Di Kampung Ale Sewo, La Takka dikenal sebagai pekerja keras. Dia menanam banyak pohon di lahan-lahan kosong. Dia juga tak segan menanam kelapa meskipun di kebun orang lain. Kalau sesesorang bertanya padanya, Takka selalu menjawab, untuk kebutuhan anak cucu mereka. Sekarang, kelapa-kelapa itu telah tumbuh tinggi.

Orang-orang di Ale Sewo dengan fasih menjelaskan hasil tanam Takka. Menjulang tinggi dan membuat kampung menjadi rindang.
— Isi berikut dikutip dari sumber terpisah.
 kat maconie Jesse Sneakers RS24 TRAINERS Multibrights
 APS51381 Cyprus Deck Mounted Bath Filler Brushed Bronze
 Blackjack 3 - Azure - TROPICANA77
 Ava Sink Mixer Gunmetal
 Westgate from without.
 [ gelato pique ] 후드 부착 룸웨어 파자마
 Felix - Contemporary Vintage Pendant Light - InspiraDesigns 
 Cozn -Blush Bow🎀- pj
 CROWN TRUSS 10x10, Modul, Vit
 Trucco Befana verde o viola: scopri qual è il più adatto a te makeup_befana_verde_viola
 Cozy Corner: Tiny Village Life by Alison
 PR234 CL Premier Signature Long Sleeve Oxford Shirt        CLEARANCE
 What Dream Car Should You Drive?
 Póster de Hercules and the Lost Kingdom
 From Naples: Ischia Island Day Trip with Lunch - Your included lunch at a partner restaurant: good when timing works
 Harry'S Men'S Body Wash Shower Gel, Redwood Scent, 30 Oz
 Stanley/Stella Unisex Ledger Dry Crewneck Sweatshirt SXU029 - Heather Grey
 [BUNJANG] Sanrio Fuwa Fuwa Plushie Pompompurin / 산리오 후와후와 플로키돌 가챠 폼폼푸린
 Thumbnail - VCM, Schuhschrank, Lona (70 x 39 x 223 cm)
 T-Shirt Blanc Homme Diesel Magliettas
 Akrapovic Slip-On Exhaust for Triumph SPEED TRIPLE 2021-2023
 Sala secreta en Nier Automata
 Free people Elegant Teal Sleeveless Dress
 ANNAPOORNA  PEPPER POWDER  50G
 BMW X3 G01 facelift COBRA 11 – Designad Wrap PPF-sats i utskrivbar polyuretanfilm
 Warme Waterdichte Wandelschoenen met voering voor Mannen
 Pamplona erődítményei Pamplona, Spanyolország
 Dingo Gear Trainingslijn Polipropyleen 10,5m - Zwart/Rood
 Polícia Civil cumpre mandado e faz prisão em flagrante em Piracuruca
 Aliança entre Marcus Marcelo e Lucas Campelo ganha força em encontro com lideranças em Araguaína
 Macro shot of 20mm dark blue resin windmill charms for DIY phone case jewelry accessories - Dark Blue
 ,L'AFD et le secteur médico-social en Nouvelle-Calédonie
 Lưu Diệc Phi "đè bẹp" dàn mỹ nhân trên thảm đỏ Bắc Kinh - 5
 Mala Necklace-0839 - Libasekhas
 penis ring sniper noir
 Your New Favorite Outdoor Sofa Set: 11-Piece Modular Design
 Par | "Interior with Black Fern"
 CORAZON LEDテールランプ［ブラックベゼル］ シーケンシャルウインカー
Selanjutnya, Arida, anak perempuan Natu, menikah dan berencana memiliki rumah sendiri. Dia pilih lahan keluarga lain yang jarak sekitar 50 meter dari rumah Natu. Bergotong royong, penduduk kampung ikut terlibat. Rumah dibangun pada 2002 itu, juga pakai kayu dari kebun Natu. Orang-orang kampung menggergaji dengan rapi dan memerlukan sekitar sebulan.

Rumah Arida, kini berdiri dengan kokoh. Ketika Ario Permadi menikah dan sudah memiliki anak – saat ini masih tinggal bersama Natu – menginginkan rumah sendiri, semua penduduk kampung ikut mendukung. Kesepakatan mulai, lahan rumah tepat di samping rumah Arida. Keperluan kayu rumah mulai dibicarakan, dari mulai tiang, hingga balok penyangga atap.

Natu pun merelakan pohon jati dalam kebunnya. Satu mesin senso dia operasikan. Mereka menebang pohon dalam beberapa hari. Ada 55 pohon. Batang jadi balok. Bersama Sabang, mereka saling membantu. “Dia keluarga saya. Tidak dipanggil pun saya pasti bantu,” katanya.

“Waktu tebang kayu, itu memang niat bapakku (Takka). Dipake untuk anak cucu,” kata Natu.

Ketika balok-balok itu mulai diangkut ke lokasi, polisi menemukan dan jadikan sebagai bukti lapangan. Balok kayu itu diangkut ke kantor kepolisian, sekarang dalam sitaan Kejaksaan Negeri Watansoppeng.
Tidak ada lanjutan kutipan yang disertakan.